**Materials provided:**
+ + + + + + +
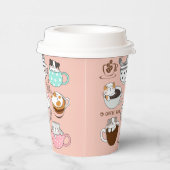 コーヒー 猫 楽しい 紙コップ (右)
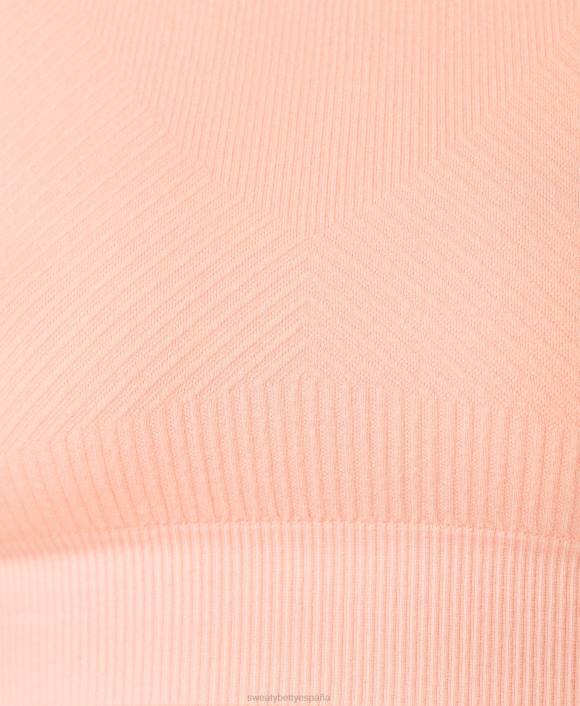 ropa sorbete rosa T28T1038 sujetador de yoga de cuello alto sin costuras mindful mujer Sweaty Betty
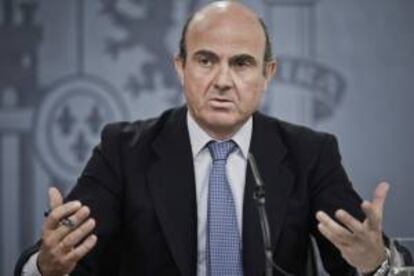 El ministro de Economía, Luis de Guindos. EFE/Archivo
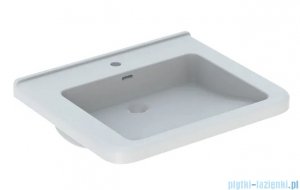 Geberit Selnova Comfort Square Umywalka bez barier z otworem na baterię, z przelewem 55x52,5cm 500.785.00.7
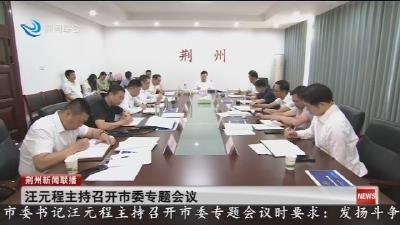 汪元程主持召开市委专题会议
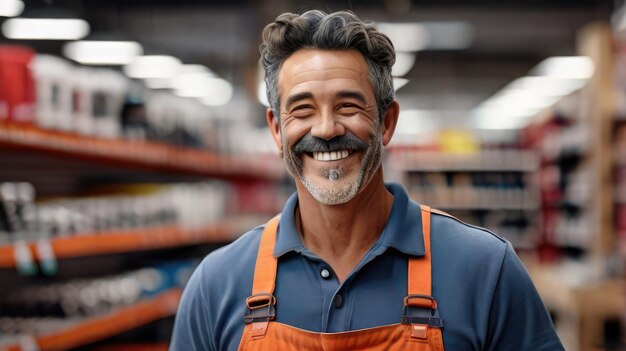 Photo person_smiling_and_happy_hardware_store_worker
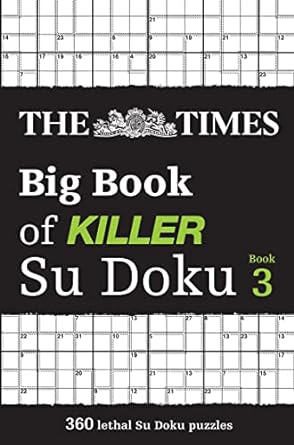 The Times Big Book of Killer Su Doku book 3 - MPHOnline.com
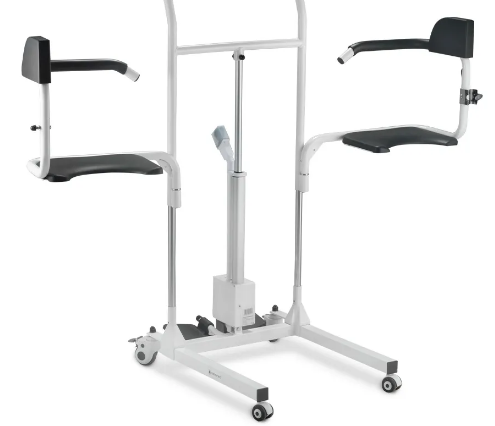 Cadeira de Transferência Multiuso com Elevação Eletrônica até 135 Kg Assento 48,5cm D80 - Dellamed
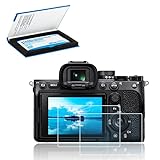 【2枚セット ソニー ZV-E10 II A7CR A7CII A7IV A6700 ZV-E1 A7M4 専用】JJC PCK-LG2 液晶保護フィルム ソニー ZV-E10 II A7CR A7CII A6700 ZV-E1 A7IV A7M4 A7 Mark IV 対応 超薄 強化ガラス 高硬度9H 透過率95％以上 撥水 撥油 撥指紋 レンズクロス 付属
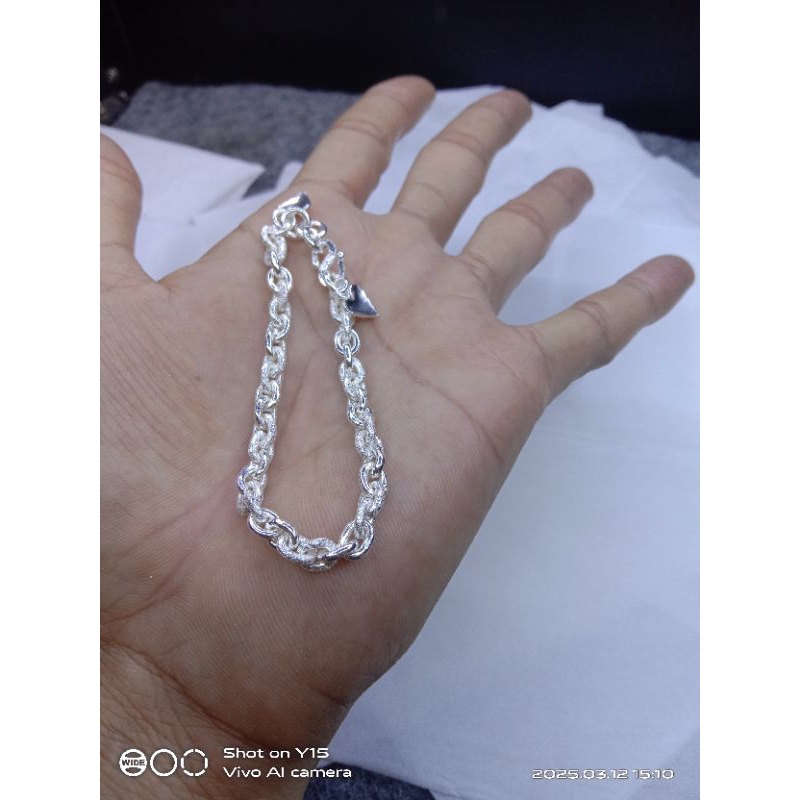 Gelang perak medan nori perak asli murni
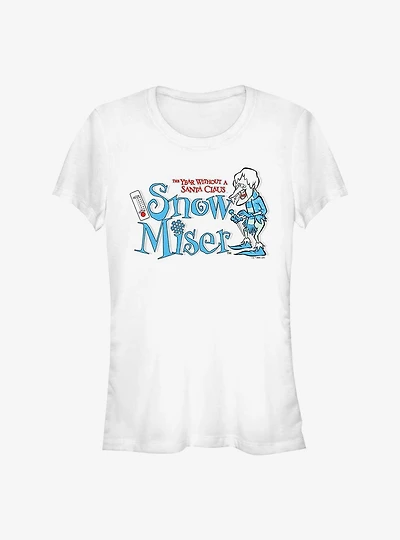 The Year Without A Santa Claus Snow Miser Logo Girls T-Shirt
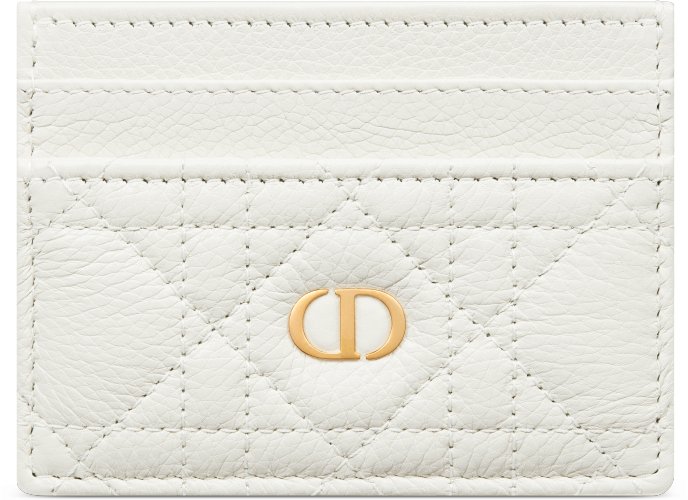 Dior Caro Freesia Card Holder Front view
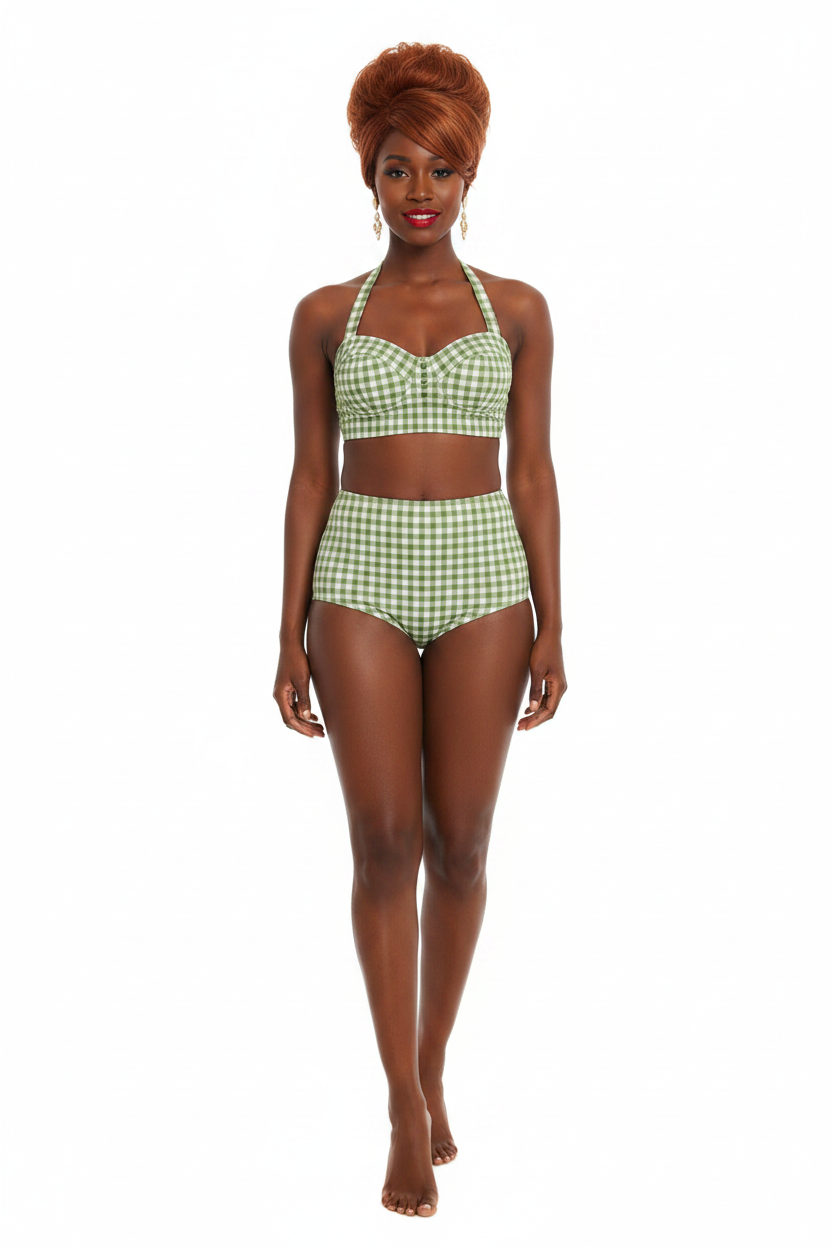 Modelka 1 — czarna, miedziana beehive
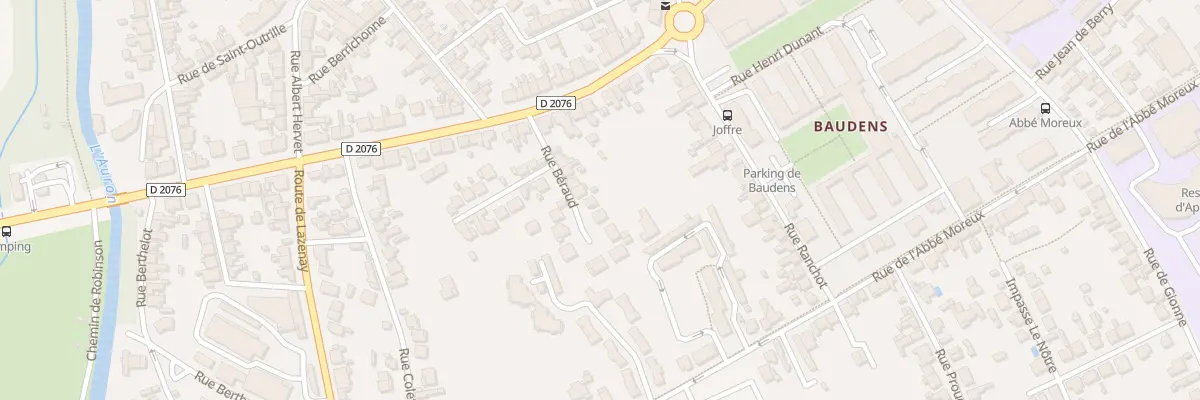 Plan du 11 Rue Béraud à Bourges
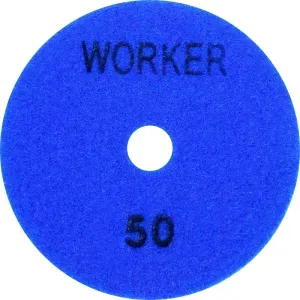 Disco de Lixa Diamantada com Velcro 4" G50 Azul Worker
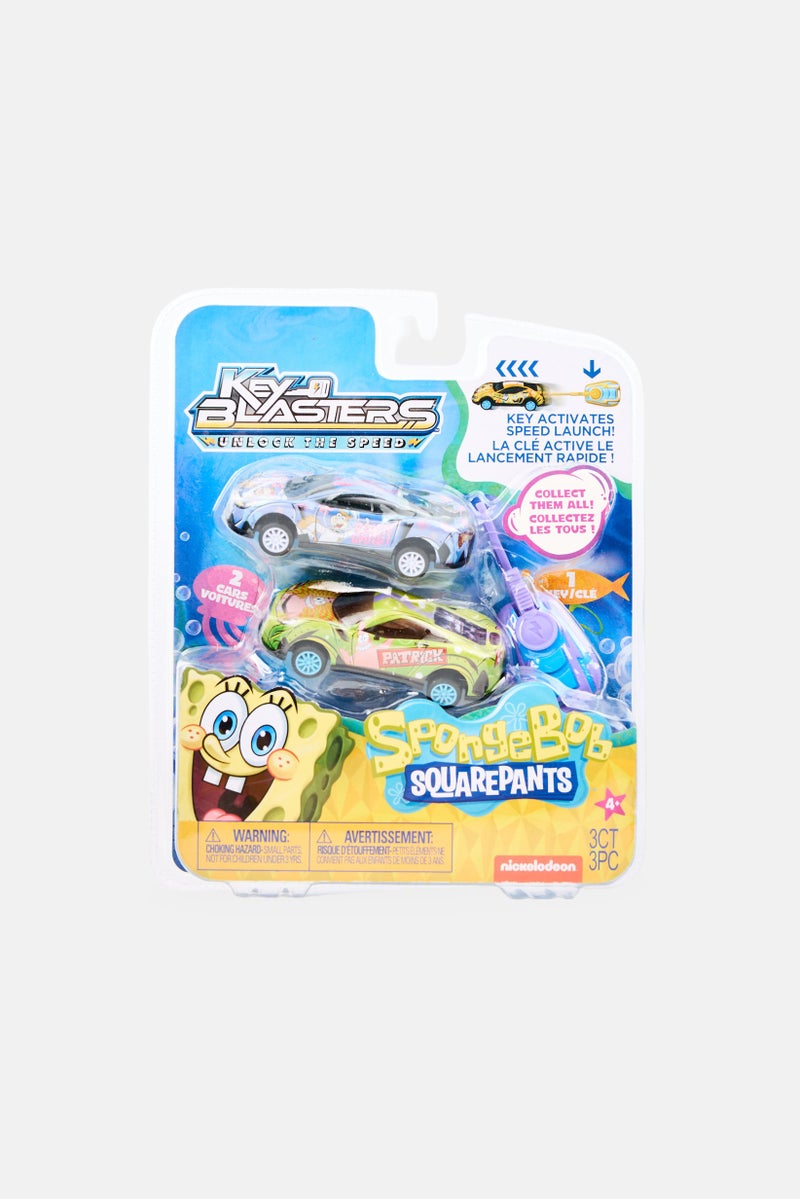 Spongebob Squarepants سيارة سبونجبوب سكوير بانتس كي بلاستر 2 مع مفتاح، متعددة الألوان - Image 1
+ + + + + + +
**Problem requirements:** Set down exactly the lines from the start of the records through the line containing "汪元程主持召开市委专题会议", both included, and omit the pictures.

**Answer to the problem:**
 コーヒー 猫 楽しい 紙コップ (右)
 ropa sorbete rosa T28T1038 sujetador de yoga de cuello alto sin costuras mindful mujer Sweaty Betty
 El ministro de Economía, Luis de Guindos. EFE/Archivo
 Geberit Selnova Comfort Square Umywalka bez barier z otworem na baterię, z przelewem 55x52,5cm 500.785.00.7
 汪元程主持召开市委专题会议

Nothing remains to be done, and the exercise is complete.